***
Radena yang baru bergabung kembali, segera menghampiri para karyawannya. Ia tampak sangat segar dan wangi.
"Buat meja berapa itu?" tanyanya pada Angga yang membawa baki berisikan 2 gelas kopi dan 1 piring kue.
"Meja 22 A."
Radena mengarahkan matanya ke meja nomor 22. Matanya menyipit, memandangi 2 orang yang membelakanginya.
"¹A, ieu abi peryogi sendok deui. Punteun, tiasa pangnyandakkeun?" pinta seorang pelanggan yang tak jauh dari tempat mereka berdiri. ¹Mas, ini saya perlu sendok lagi. Bisa tolong ambilin;
"²Sakedap nya Pak, abi badé ngajajap—" ²Sebentar ya Pak, saya mau antar;
"Lo urus yang itu aja, biar gue yang anterin ini." Radena mengambil alih baki dari tangan Angga tanpa permisi.
"Tapi A...."
"³Wagiru, itu geus nungguan." Dia pun meninggalkannya yang dibuat termangu. ³Cepetan, itu udah nungguin;
"Si Aa tahu nggak ya kalau itu téh pacarnya?" gumamnya sebelum berlari untuk mengambil sendok pesanan.

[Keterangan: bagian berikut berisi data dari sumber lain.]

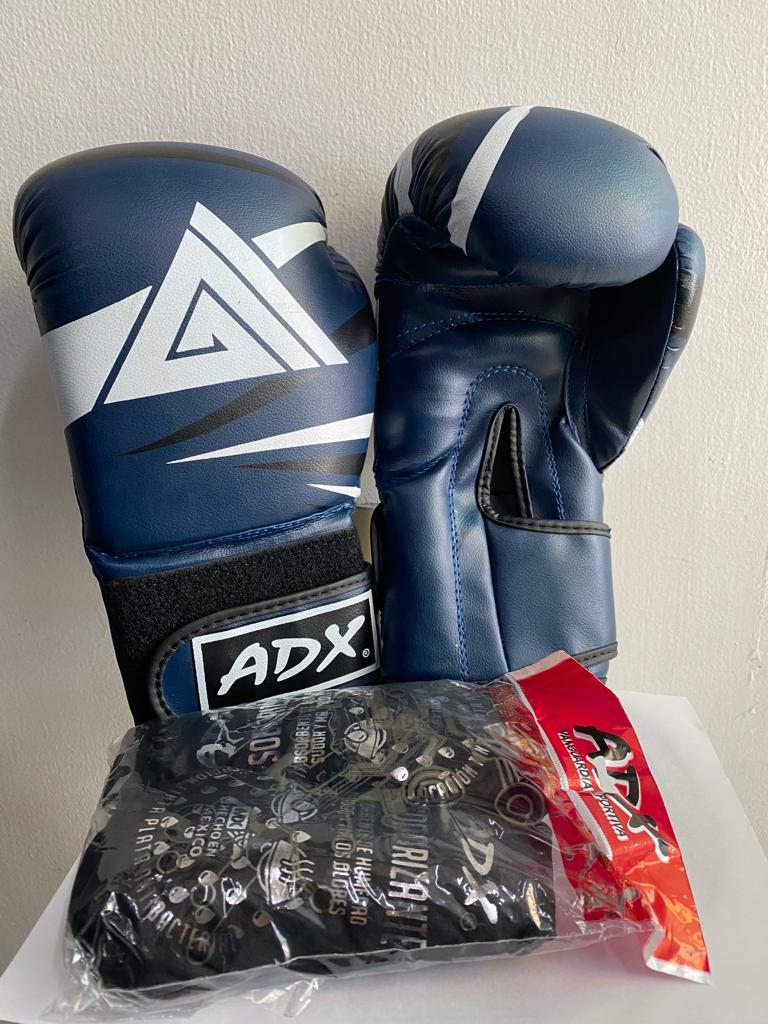 Pera ADX de Piel para Boxeo c/asa metalica reforzada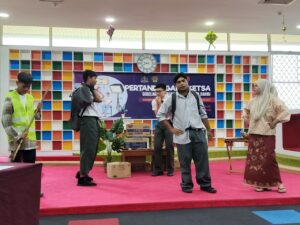 Pertandingan Sketsa Sekolah Menengah Daerah Johor Bahru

Dengan luwes, Radena memangku baki menuju meja nomor 22 yang berada tak jauh dari pintu. Dia masih belum menyadari kalau satu rahasianya akan terbongkar.
Badannya membeku sampai langkah kakinya terhenti. Matanya terbelalak saat mengetahui kalau meja nomor 22 sedang ditempati oleh 2 orang yang dikenalnya. Dia pun sontak membalikkan badan saat Calvin mengarahkan pandang ke posisinya.
"Ish," rutuknya.
Calvin terlihat memiringkan kepalanya. "Kayak Radena."

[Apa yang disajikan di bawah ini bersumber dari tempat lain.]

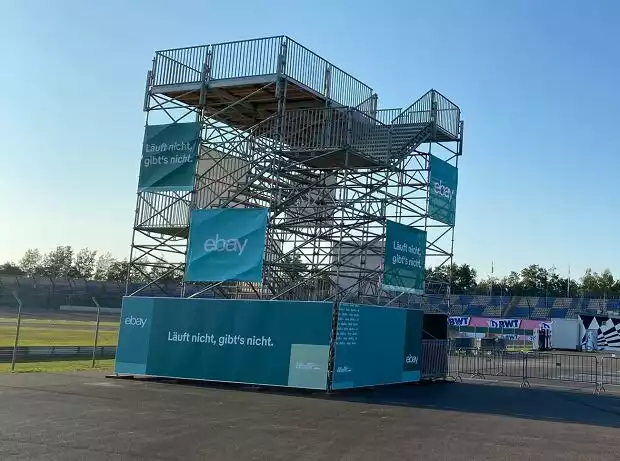 Fan-Power, ebay-Tower, Aussichtsplattform Titel-Bild zur News: Fan-Power, ebay-Tower, Aussichtsplattform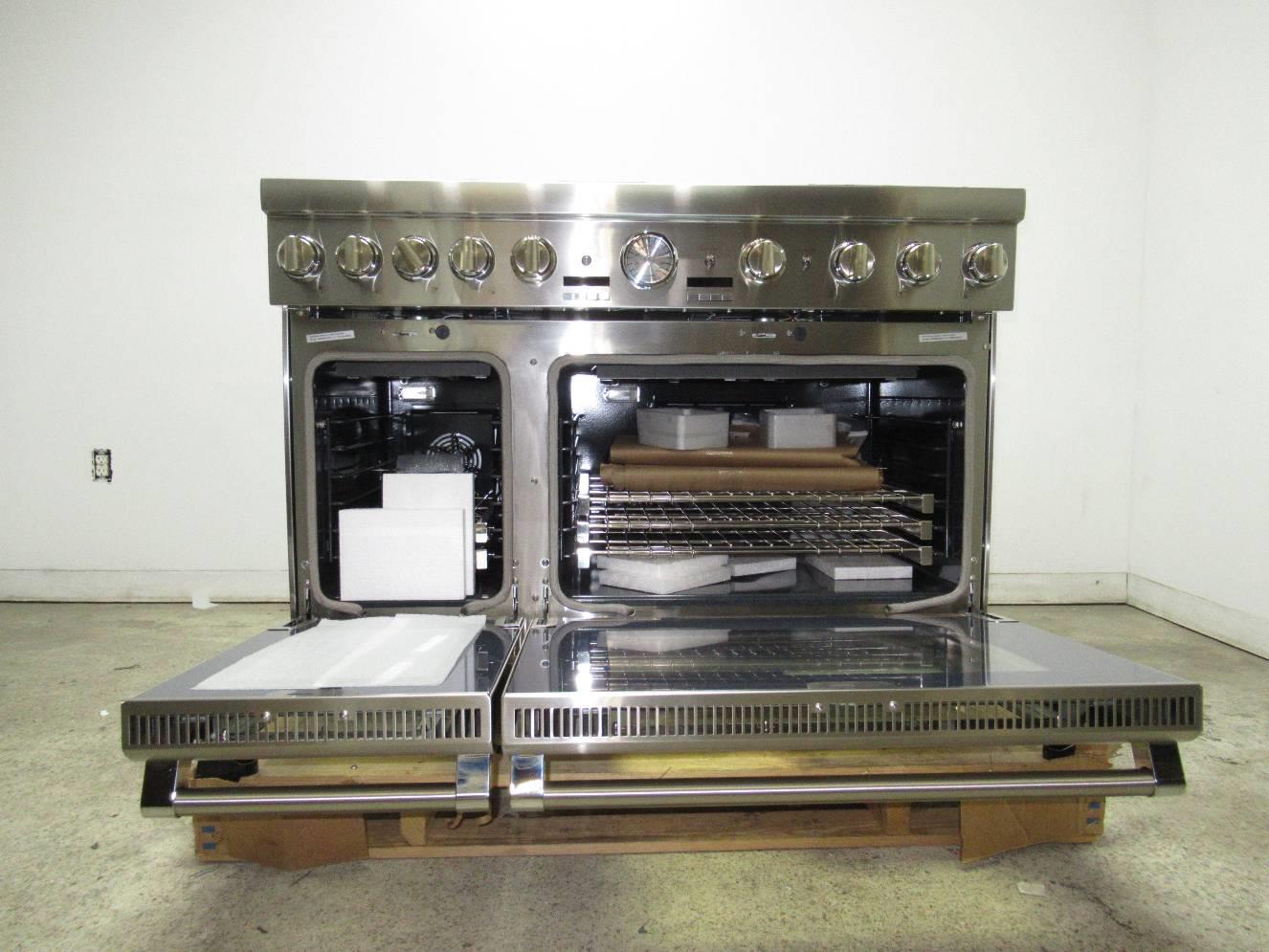 Thermador Pro Grand Professional 48 Inch SS ProStyle DualFuel Range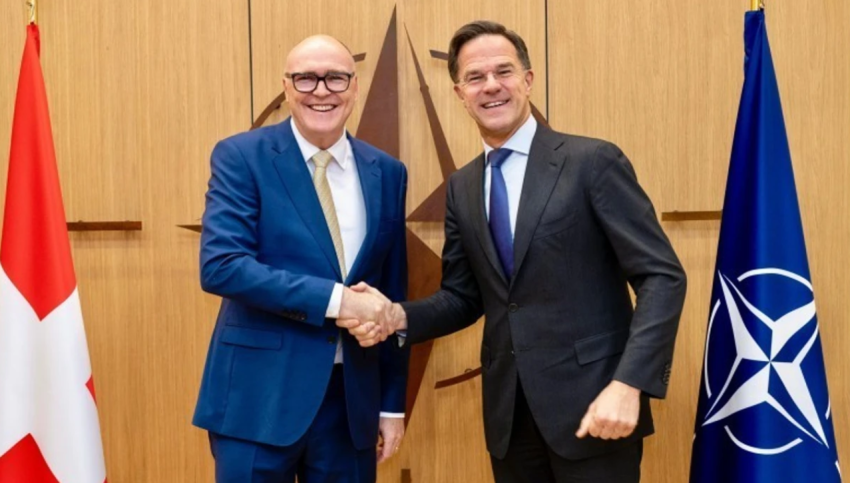rutte vlereson kontributin ushtarak te zvicres ne kosove 692e27203b35e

Nona ikut mengarahkan pandangannya pada objek yang Calvin perhatikan. "Radena? Di sini?" tanyanya seraya memutar kepalanya ke belakang.

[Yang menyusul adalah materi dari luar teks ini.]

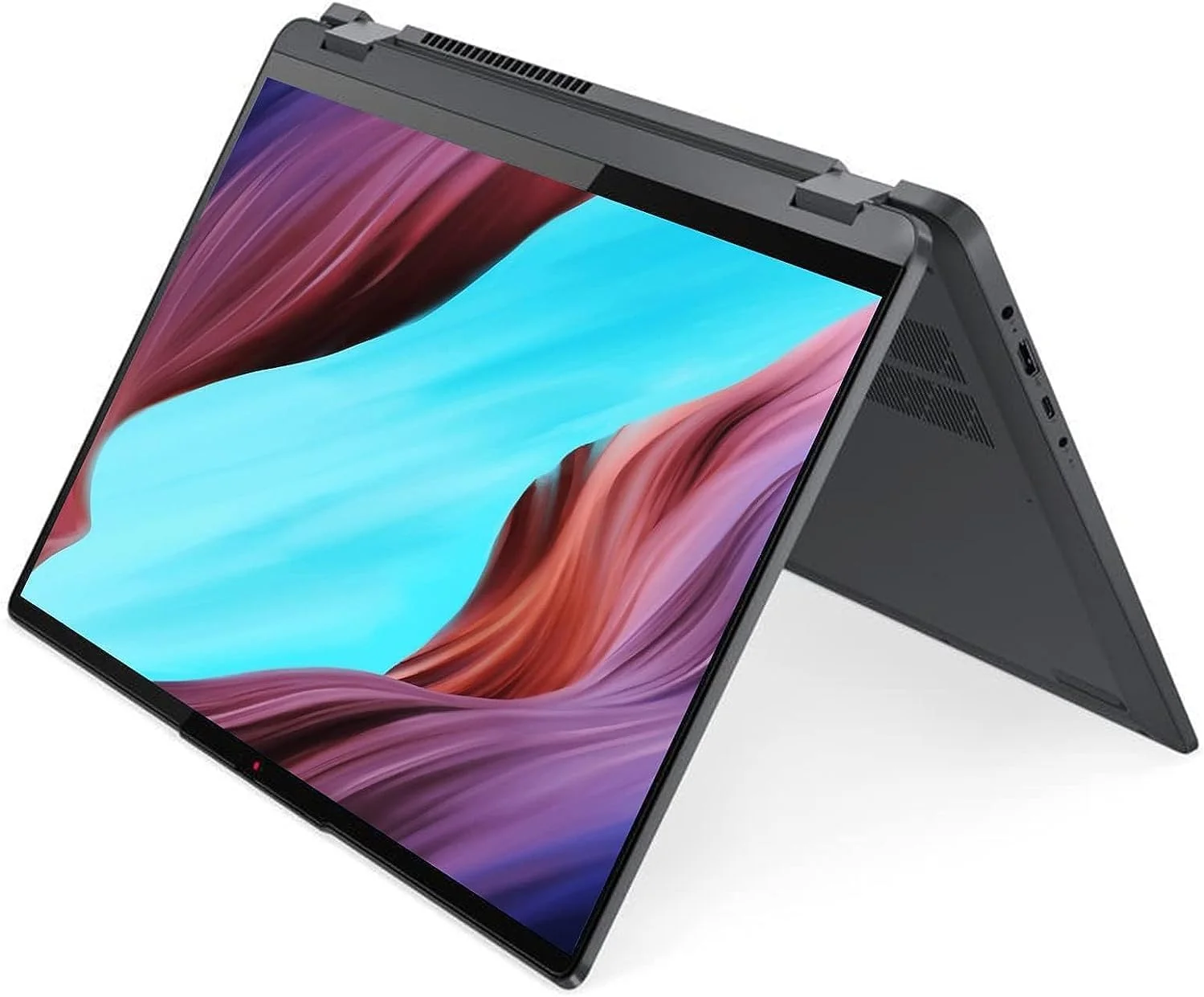 جدیدترین لپ تاپ 2 در 1 لنوو IdeaPad Flex 5 مدل 2023، صفحه نمایش لمسی 16 اینچی 2.5K WQXGA، پردازنده Intel Core i7-1255U، رم 16 گیگابایتی DDR4، حافظه SSD 2 ترابایتی، گرافیک Intel Iris Xe، وب کم، Wi-Fi 6، ویندوز 11 هوم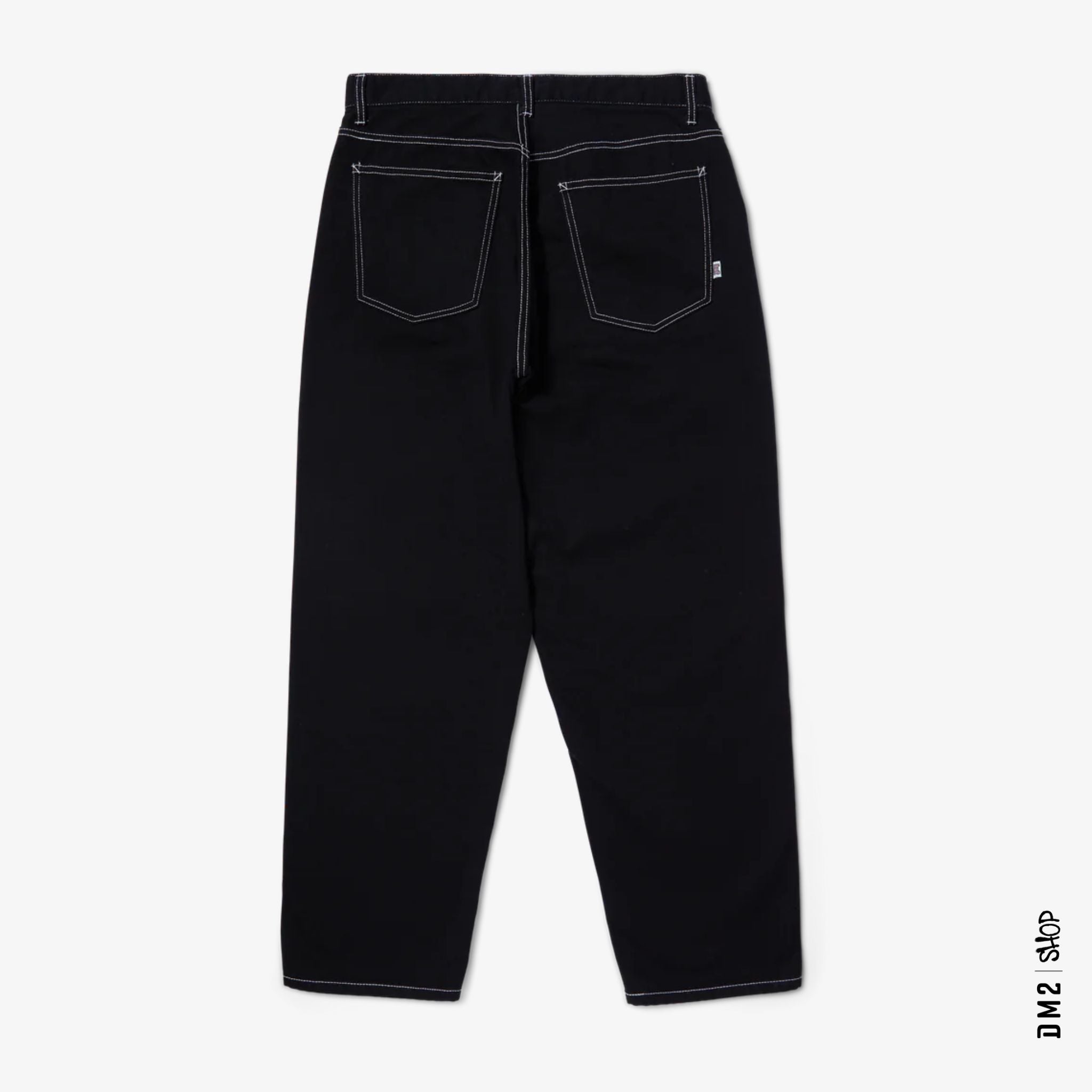 JEANS BAGGY HUF CROMER NOIR - DM2 SHOP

"Nggak mungkin, ah. Masa Radena jadi pelayan di sini."
"Kakak salah lihat, kali." Nona kembali membenarkan posisinya seperti semula.
"Mungkin. Tapi ini kok pesenan kita lama ya?"
Radena yang mendengar itu segera memutar otaknya. Apa dirinya harus mengantarkan ini kepada mereka? Tidak. Dia belum siap. Laki-laki itu pun mengedarkan matanya untuk mencari karyawannya.
"Kiko!" bisiknya dengan nada tinggi. Matanya tampak melotot. "Sini!"
Kiko pun segera berlari menghampirinya. "Iya A?"
"Ini anterin ke nomor 22."
Laki-laki berambut kribo itu sontak melirik meja nomor 22. "Bukannya itu pacar—"
"—Udah, anterin sana." Dia memberikan baki yang berada di tangannya dengan paksa. "Gue kebelet." Karangannya membuat Kiko percaya.
"⁴Si Aa meuni riweuh." ⁴Repot banget kelihatannya;
Kiko pun segera berjalan dengan cepat. Dia tak mau dimarahi Radena kalau dia lambat, walaupun sebenarnya bosnya tak akan semarah itu.
"Maaf ya, si bos tiba-tiba kebelet," ucapnya saat menyimpan pesanan ke atas meja. "Jadi saya deh yang anter."
Calvin dan Nona saling pandang dengan kulit kening yang mengerut.
"Maksudnya?"
Kiko menoleh ke sumber suara. "Kakak ini pacarnya si Aa bos kan?"
Kelopak matanya melebar. Sudut matanya melirik Calvin yang sedang menatapnya penuh tanya.
"Saya? Bukan."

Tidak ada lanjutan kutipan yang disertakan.